“Like Eating With Saran Wrap on Your Tongue”
Slate
By L.V. Anderson
In 1993, Danny Resnic was having anal sex during a casual hookup in Miami Beach when his partner’s latex condom broke. Resnic had been using condoms ever since the man he describes as “my best friend and love of my life” died from AIDS in 1984. “I have always been looking for a monogamous relationship and was never really happy with casual sex,” he says, but in the gay subculture of Miami Beach, where he’d moved from California in 1991, casual sex was the norm. When Resnic slept with men he didn’t know, he insisted on condoms.
After several weeks of worrying about the broken condom, Resnic got tested for HIV. The test came back positive.
The odds of contracting HIV from a single act of unprotected anal sex are extremely low—experts put the risk below 1 in 100. “I couldn’t believe it,” Resnic says today. “‘Cause I was really vigilant. I lost all my friends during the AIDS crisis, and I used condoms religiously. And then when one broke, I thought, ‘How could that happen?’ ”

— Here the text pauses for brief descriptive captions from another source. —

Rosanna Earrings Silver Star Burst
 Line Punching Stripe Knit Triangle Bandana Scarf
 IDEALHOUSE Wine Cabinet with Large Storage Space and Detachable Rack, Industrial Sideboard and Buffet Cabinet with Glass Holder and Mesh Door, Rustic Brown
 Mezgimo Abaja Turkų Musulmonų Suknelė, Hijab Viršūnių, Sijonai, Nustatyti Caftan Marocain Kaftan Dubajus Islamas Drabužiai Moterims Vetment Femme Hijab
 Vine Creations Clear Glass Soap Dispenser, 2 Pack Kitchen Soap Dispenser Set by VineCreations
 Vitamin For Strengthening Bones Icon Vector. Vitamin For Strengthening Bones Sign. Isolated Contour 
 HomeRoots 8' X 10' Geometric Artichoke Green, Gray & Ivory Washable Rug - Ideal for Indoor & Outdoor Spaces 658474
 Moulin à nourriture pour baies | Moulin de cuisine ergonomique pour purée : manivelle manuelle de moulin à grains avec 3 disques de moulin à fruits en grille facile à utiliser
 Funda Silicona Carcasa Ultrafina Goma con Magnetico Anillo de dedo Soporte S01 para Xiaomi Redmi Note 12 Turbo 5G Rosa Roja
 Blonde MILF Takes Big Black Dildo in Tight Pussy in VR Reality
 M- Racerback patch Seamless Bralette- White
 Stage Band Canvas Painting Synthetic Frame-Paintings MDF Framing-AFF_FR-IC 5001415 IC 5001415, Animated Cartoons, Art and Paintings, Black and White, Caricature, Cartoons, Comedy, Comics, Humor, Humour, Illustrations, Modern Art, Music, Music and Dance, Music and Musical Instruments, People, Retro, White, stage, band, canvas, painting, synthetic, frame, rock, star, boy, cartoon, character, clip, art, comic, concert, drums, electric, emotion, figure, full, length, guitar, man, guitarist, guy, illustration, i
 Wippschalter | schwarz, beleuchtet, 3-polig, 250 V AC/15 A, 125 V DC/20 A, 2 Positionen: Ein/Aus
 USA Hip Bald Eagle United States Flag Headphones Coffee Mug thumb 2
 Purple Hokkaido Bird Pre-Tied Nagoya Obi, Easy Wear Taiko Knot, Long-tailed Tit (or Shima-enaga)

Resnic became obsessed with answering that question: He read everything he could find about condoms at his local public library in Miami. He learned how latex condoms are made (by dipping phallic molds into vats of liquid latex, which is peeled off after it dries), and how they are regulated (the Food and Drug Administration considers condoms medical devices and dictates how they are manufactured and labeled). He discovered that three publicly traded companies—the makers of LifeStyles, Durex, and Trojan—controlled almost the entire market. And he figured out that, since the introduction of the rolled latex condom in the 1920s, not much about condoms had changed.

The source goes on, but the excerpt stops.